**Exercise directions:** Transcribe the listing below verbatim, omitting pictures.

**Records provided:**
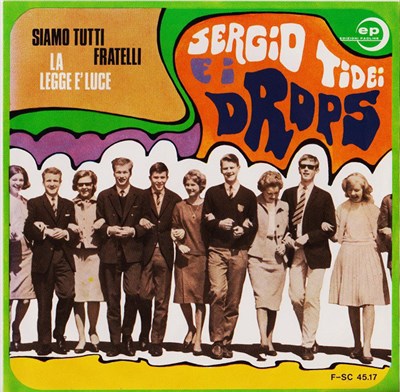Sergio Tidei E I Drops - Siamo Tutti Fratelli / La Legge È Luce download mp3 flac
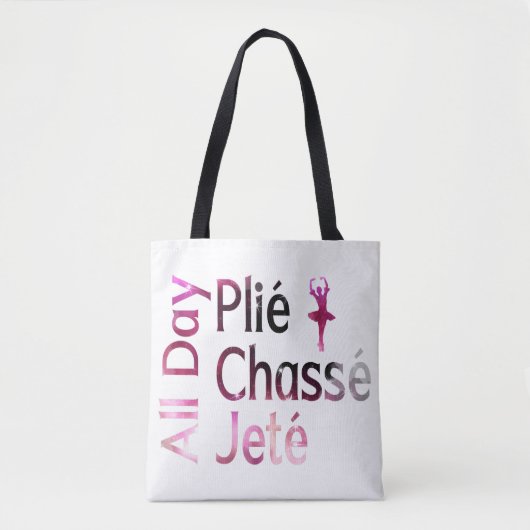 All Day Plie, Chasse, Jete ～バレエデザイン トートバッグ (正面)
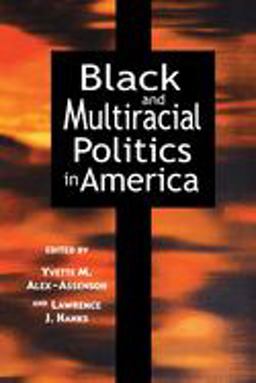 Black and Multiracial Politics in America  9780814706633 Front Cover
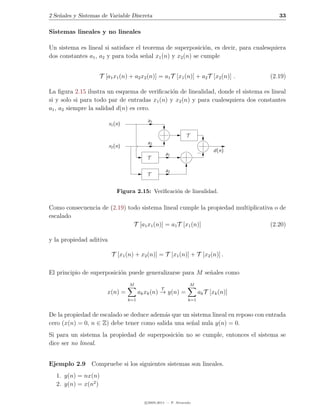 2 Se˜ales y Sistemas de Variable Discreta
    n                                                                                      33

Sistemas lineales y no lineales

Un sistema es lineal si satisface el teorema de superposici´n, es decir, para cualesquiera
                                                             o
dos constantes a1 , a2 y para toda se˜al x1 (n) y x2 (n) se cumple
                                      n


                    T [a1 x1 (n) + a2 x2 (n)] = a1 T [x1 (n)] + a2 T [x2 (n)] .         (2.19)

La ﬁgura 2.15 ilustra un esquema de veriﬁcaci´n de linealidad, donde el sistema es lineal
                                               o
si y solo si para todo par de entradas x1 (n) y x2 (n) y para cualesquiera dos constantes
a1 , a2 siempre la salidad d(n) es cero.
                                           a1
                         x1 (n)

                                                                T
                                           a2
                         x2 (n)
                                                                              d(n)
                                                      a1
                                           T

                                                      a2
                                           T


                             Figura 2.15: Veriﬁcaci´n de linealidad.
                                                   o

Como consecuencia de (2.19) todo sistema lineal cumple la propiedad multiplicativa o de
escalado
                              T [a1 x1 (n)] = a1 T [x1 (n)]                      (2.20)

y la propiedad aditiva

                          T [x1 (n) + x2 (n)] = T [x1 (n)] + T [x2 (n)] .

El principio de superposici´n puede generalizarse para M se˜ales como
                           o                               n
                                  M                                 M
                                                  T
                       x(n) =           ak xk (n) → y(n) =              ak T [xk (n)]
                                  k=1                            k=1


De la propiedad de escalado se deduce adem´s que un sistema lineal en reposo con entrada
                                          a
cero (x(n) = 0, n ∈ Z) debe tener como salida una se˜al nula y(n) = 0.
                                                    n
Si para un sistema la propiedad de superposici´n no se cumple, entonces el sistema se
                                              o
dice ser no lineal.


Ejemplo 2.9 Compruebe si los siguientes sistemas son lineales.
  1. y(n) = nx(n)
  2. y(n) = x(n2 )

                                          c 2005-2011 — P. Alvarado
 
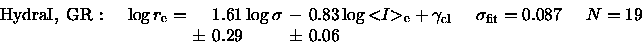 \begin{displaymath}
\arraycolsep=2pt %
\begin{array}{lllllllll}
{\rm HydraI,\;GR...
...d & N=19 \\
& & & \pm & 0.29 & \pm & 0.06 & & \\
\end{array}\end{displaymath}
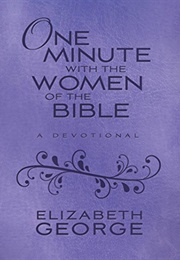 One Minute With the Women of the Bible: A Devotional (Elizabeth George)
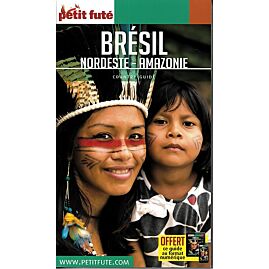 PETIT FUTE BRESIL NORDESTE AMAZONIE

**Solution:**
Sergio Tidei E I Drops - Siamo Tutti Fratelli / La Legge È Luce download mp3 flac
 All Day Plie, Chasse, Jete ～バレエデザイン トートバッグ (正面)
 Black and Multiracial Politics in America  9780814706633 Front Cover
 2 Se˜ales y Sistemas de Variable Discreta
    n                                                                                      33

Sistemas lineales y no lineales

Un sistema es lineal si satisface el teorema de superposici´n, es decir, para cualesquiera
                                                             o
dos constantes a1 , a2 y para toda se˜al x1 (n) y x2 (n) se cumple
                                      n


                    T [a1 x1 (n) + a2 x2 (n)] = a1 T [x1 (n)] + a2 T [x2 (n)] .         (2.19)

La ﬁgura 2.15 ilustra un esquema de veriﬁcaci´n de linealidad, donde el sistema es lineal
                                               o
si y solo si para todo par de entradas x1 (n) y x2 (n) y para cualesquiera dos constantes
a1 , a2 siempre la salidad d(n) es cero.
                                           a1
                         x1 (n)

                                                                T
                                           a2
                         x2 (n)
                                                                              d(n)
                                                      a1
                                           T

                                                      a2
                                           T


                             Figura 2.15: Veriﬁcaci´n de linealidad.
                                                   o

Como consecuencia de (2.19) todo sistema lineal cumple la propiedad multiplicativa o de
escalado
                              T [a1 x1 (n)] = a1 T [x1 (n)]                      (2.20)

y la propiedad aditiva

                          T [x1 (n) + x2 (n)] = T [x1 (n)] + T [x2 (n)] .

El principio de superposici´n puede generalizarse para M se˜ales como
                           o                               n
                                  M                                 M
                                                  T
                       x(n) =           ak xk (n) → y(n) =              ak T [xk (n)]
                                  k=1                            k=1


De la propiedad de escalado se deduce adem´s que un sistema lineal en reposo con entrada
                                          a
cero (x(n) = 0, n ∈ Z) debe tener como salida una se˜al nula y(n) = 0.
                                                    n
Si para un sistema la propiedad de superposici´n no se cumple, entonces el sistema se
                                              o
dice ser no lineal.


Ejemplo 2.9 Compruebe si los siguientes sistemas son lineales.
  1. y(n) = nx(n)
  2. y(n) = x(n2 )

                                          c 2005-2011 — P. Alvarado
 
 \begin{displaymath}
\arraycolsep=2pt %
\begin{array}{lllllllll}
{\rm HydraI,\;GR...
...d & N=19 \\
& & & \pm & 0.29 & \pm & 0.06 & & \\
\end{array}\end{displaymath}
 One Minute With the Women of the Bible: A Devotional (Elizabeth George)
 PETIT FUTE BRESIL NORDESTE AMAZONIE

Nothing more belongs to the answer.